Lying and attachment trauma
Once upon a time, this would have felt very complicated and confusing, and I would have experienced strong anxiety, powerlessness, and impotent anger. Like many attachment-traumatised people, it’s a really familiar experience for me to be highly disturbed when what my gut is telling me is directly contradicted by what a loved one tells me.
Fragmentation into “parts”
I can almost feel the psychic fragmentation happening as parts of me separate themselves out – the part who knows what she knows and has appropriate feelings about it, the part who needs to please and appease, the part who wants to be open-minded and willing to be wrong, similar to the part who knows she can sometimes see and feel things that aren’t there (anymore). Until relatively recently, the Pleaser Appeaser would win.
Today I got the best out of the online community, and posted the phrase sent to me and asked for an assessment of the writer’s probable mood. I can’t repeat most of the replies, so let’s just say that there was a pretty clear consensus that the phrase read as an angry one.
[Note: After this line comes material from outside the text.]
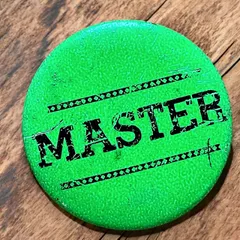 缶バッジ 緑 マスター レタリング缶バッジ ビンテージ アンティーク 50s ~ 60s 70s 80s 90s 00s 小物 アクセサリー 古着 vintage USA アメリカ ユーロ 仕入れ ロック アメカジ キャラ アニメ  p10/のサムネイル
And of course, my friend may have been angry but entirely unaware of it. Or genuinely not angry and the tone was not the one intended. Of course.
Lying to children
Nevertheless, I’ve been reflecting on and off all day, about the damage done by lying. I don’t really mean my friend’s possible lie. I’m thinking more about the kinds of attachment ruptures to do with the sensing and denial of truth when we’re younger and when the person lying is also the person we depend on, the one we love, the one who knows better.
And not that it feels like it at the time, but I’ve come to see the dilemma of the child in that moment as the dilemma of a child having to choose between two relationships: the relationship with their caregiver and the relationship with themselves.
“If I believe you, that means my sense of the truth must have been wrong; ergo, I can’t trust myself” (and eventually “I will no longer listen to myself/I will no longer even HEAR myself”).
The worst damage of lying to a child – who is an acutely sensitive little radar for the subtleties of mood – is not that you might damage the trust between you and them. It’s not even that you damage their ability to trust others now and in the future. The secret damage of lying to a child is that you damage their relationship with their own gut knowing of reality; you actually interrupt their ability to know themselves, and the world, and you leave them prey not only to intense confusion, especially interpersonal confusion but also unable to sufficiently police their own boundaries and ensure their own emotional safety because the detection of behavioural red-flags is usually overridden; like a smoke-alarm that we’ve so long assumed was malfunctioning that we don’t leave the building when it’s on fire.
These children often grow up into adults dissociated from their physical bodies, regularly unaware of, or unhealthily capable of enduring or ignoring physical pain, confused about who they “really” are, what they really think, or even LIKE. Any internal information about the state of the organism is treated with mistrust and disbelief or just simply never consciously received.
And the worst damage of lying to an adult who was an attachment-traumatised child is that you reintroduce the self-doubt and confusion that most of them have worked so hard to uninstall.
Whilst today’s experience was a relatively trivial one, it reminded me of the preciousness of honesty about the big things and the small, and especially about subtle perceptions of mood that are so easy to deny because we have no direct access to the other person’s subjective experience. The relationships I’ve come to treasure are relationships with people who, when I check whether my sense of their mood is accurate, will tell me the truth no matter how inconvenient or awkward it is.
A few years ago, a client told me she thought I was angry with her in a particular moment in a previous session. We explored the experience from lots of different angles, but before the end of the session, I realised it was essential that I tell her the truth, because I had been angry at that moment.
Reconnecting to ourselves
I don’t think it’s enough to stop at the (always rich) explorations of “and what was that like for you?”, “and what if I said I had been…?”, “and what if I said I wasn’t….?”, and “and is that a familiar experience to you?”. We have a window of opportunity to assist our clients to reforge the relationship between them and themselves, to discover they are trust-worthy to themselves. I think these moments call for the highest ethical standards of congruence, authenticity and judicious self-disclosure.
Poetically put, and paraphrasing Khaled Hosseini, I’ve believed for a long time that lying is stealing a person’s access to reality; but these days I’ve also realised that it risks vandalising their relationship with themselves.